== Segment start ==
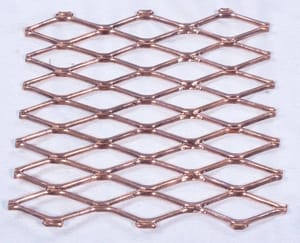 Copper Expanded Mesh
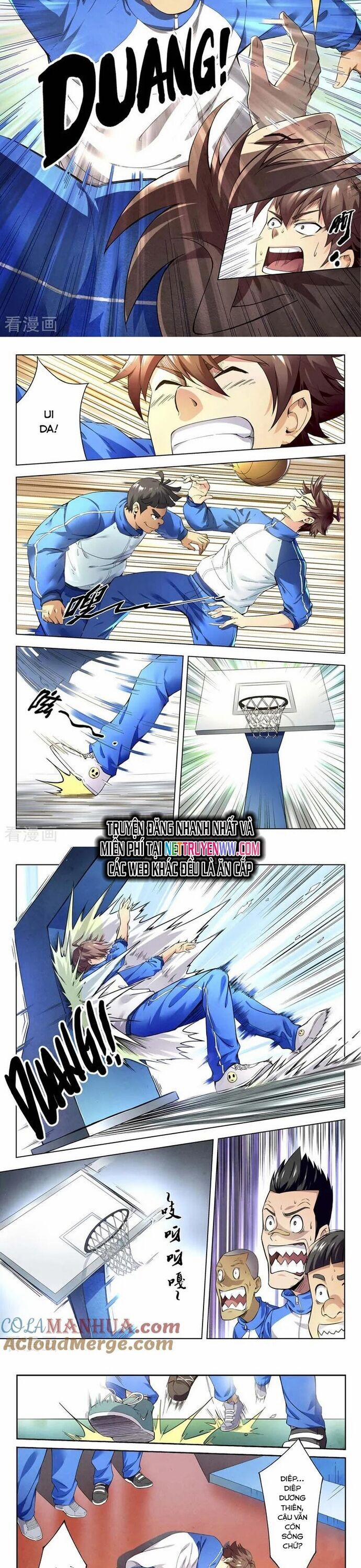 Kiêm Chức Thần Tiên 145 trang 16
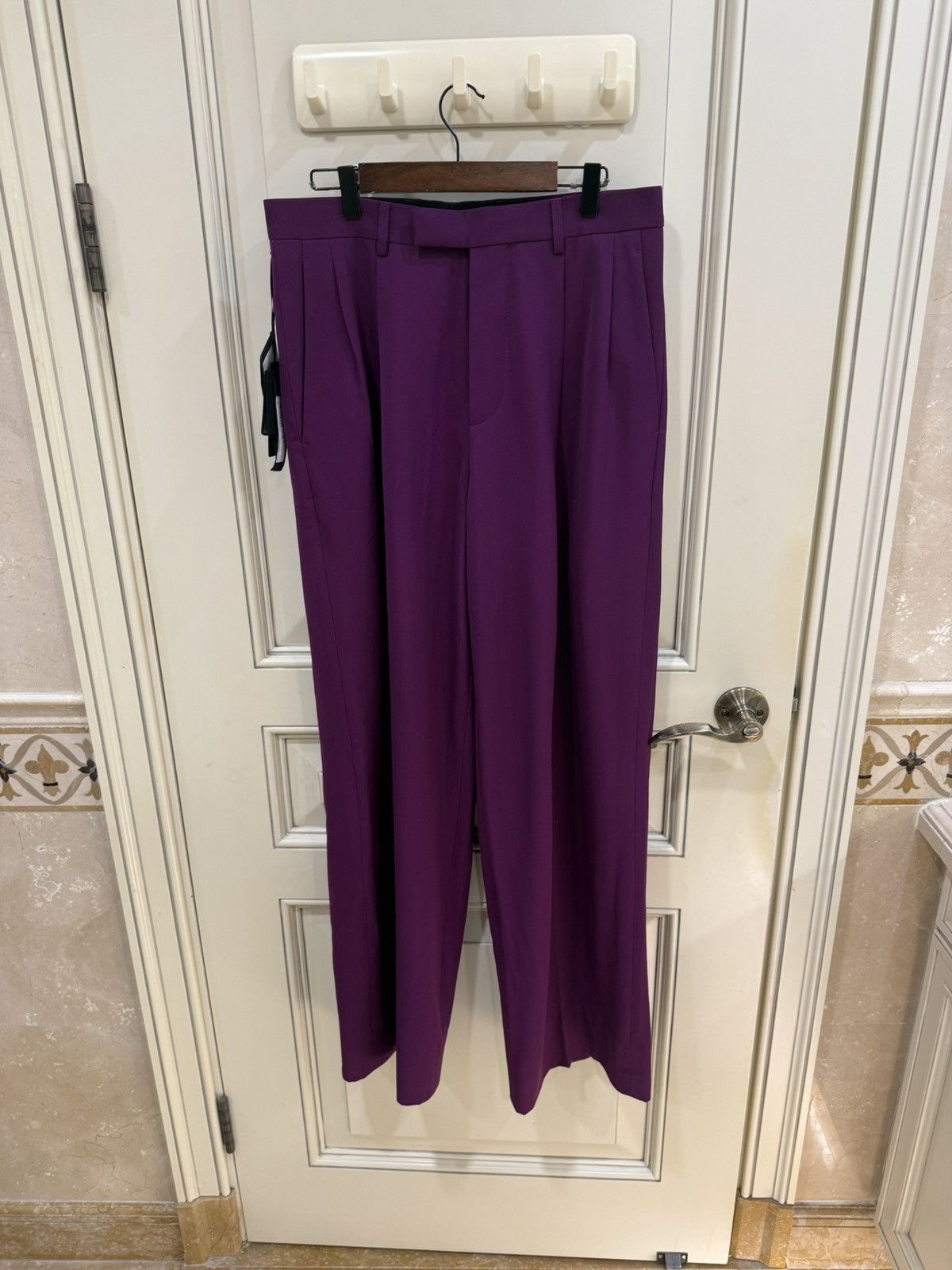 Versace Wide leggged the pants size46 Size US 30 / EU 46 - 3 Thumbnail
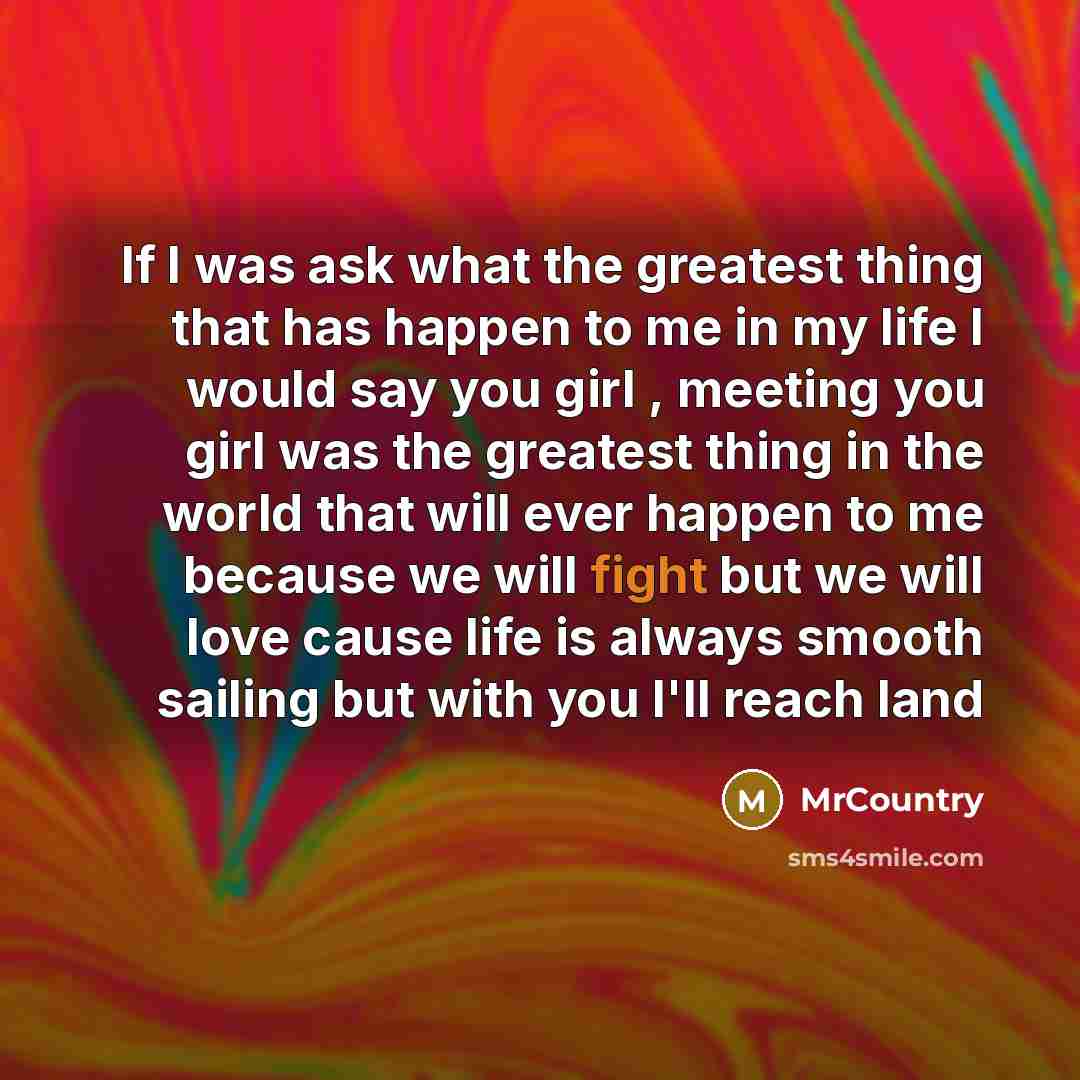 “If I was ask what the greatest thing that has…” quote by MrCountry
== Segment end ==
## DIRECTIONS
Exact copy, pictures omitted: every line from the one holding "Versace Wide leggged" through the last line of the data above, and nothing else.

## SOLUTION BELOW
 Versace Wide leggged the pants size46 Size US 30 / EU 46 - 3 Thumbnail
 “If I was ask what the greatest thing that has…” quote by MrCountry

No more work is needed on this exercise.